In the below code, the "coords" column is divided into latitude and longitude columns for each rental listing.

In [208]:
rental_listings_clean=rental_listings.dropna(subset='coords')
rental_listings_clean[['latitude', 'longitude']] =pd.DataFrame(
    rental_listings_clean['coords'].tolist(), index=rental_listings_clean.index)
rental_listings_clean=rental_listings_clean.drop(columns=['coords'])
rental_listings_clean.head()

Unnamed: 0,Suburb,Postcode,Address,latitude,longitude
0,Box Hill,3128,"8 Ashted Road, Box Hill, Vic",-37.823123,145.123605
1,Box Hill,3128,"850 Whitehorse Road, Box Hill, Vic",-37.817623,145.118455
2,Hawthorn,3122,"494 Glenferrie Road, Hawthorn, Vic",-37.83182,145.033863
3,Hawthorn,3122,"200 Burwood Road, Hawthorn, Vic",-37.822106,145.029912
4,Doncaster,3108,"77-79 Wetherby Road, Doncaster, Vic",-37.79392,145.141978


From the above codes, rental listings table has been added longtitude and latitude columns to navigate the listing on a map.

In [209]:
# Average lat/lon for center
melbourne_center = [rental_listings_clean['latitude'].mean(), rental_listings_clean['longitude'].mean()]
listing_map = folium.Map(location=melbourne_center, zoom_start=13)
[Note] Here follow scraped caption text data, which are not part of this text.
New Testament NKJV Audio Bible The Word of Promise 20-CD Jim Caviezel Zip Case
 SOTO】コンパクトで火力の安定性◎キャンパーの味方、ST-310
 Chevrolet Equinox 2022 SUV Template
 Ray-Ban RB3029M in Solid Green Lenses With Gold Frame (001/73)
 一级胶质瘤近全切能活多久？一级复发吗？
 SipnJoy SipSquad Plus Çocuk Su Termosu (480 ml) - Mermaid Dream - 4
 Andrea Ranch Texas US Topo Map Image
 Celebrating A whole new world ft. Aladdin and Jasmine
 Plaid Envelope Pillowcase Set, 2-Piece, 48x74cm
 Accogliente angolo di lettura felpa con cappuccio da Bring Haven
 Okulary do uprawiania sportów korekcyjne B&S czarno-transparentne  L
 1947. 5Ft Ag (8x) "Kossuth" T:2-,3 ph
# Add coworking space markers
for _, row in rental_listings_clean.iterrows():
    folium.Marker(
        location=[row['latitude'], row['longitude']],
        popup=row['Address'],
    ).add_to(listing_map)


# Display the map
listing_map


All rental listings have been visualised on a map. By clicking on each marker, the rental listing's address is shown.
It is visible that the listings are spread out to different suburbs. Most data points collected are situated on the South Eastern area of Melbourne, where there is high demands in renting.

### Find nearest station

The below code is a function to return the nearest station from each rental listing location, using KDTree model. KD-tree is a space-partitioning data structure for fast nearest-neighbor search. KD-trees typically use Euclidean distance to provide angular distance and rank neighbors locally.

In [210]:
def find_nearest_station(lat, lon, kdtree, df):
    #Query the KDTree with the given latitude and longitude to find nearest station. Distance is returned in degrees so need to calculate the meters
    distances, indices = kdtree.query([[lat, lon]], k=1)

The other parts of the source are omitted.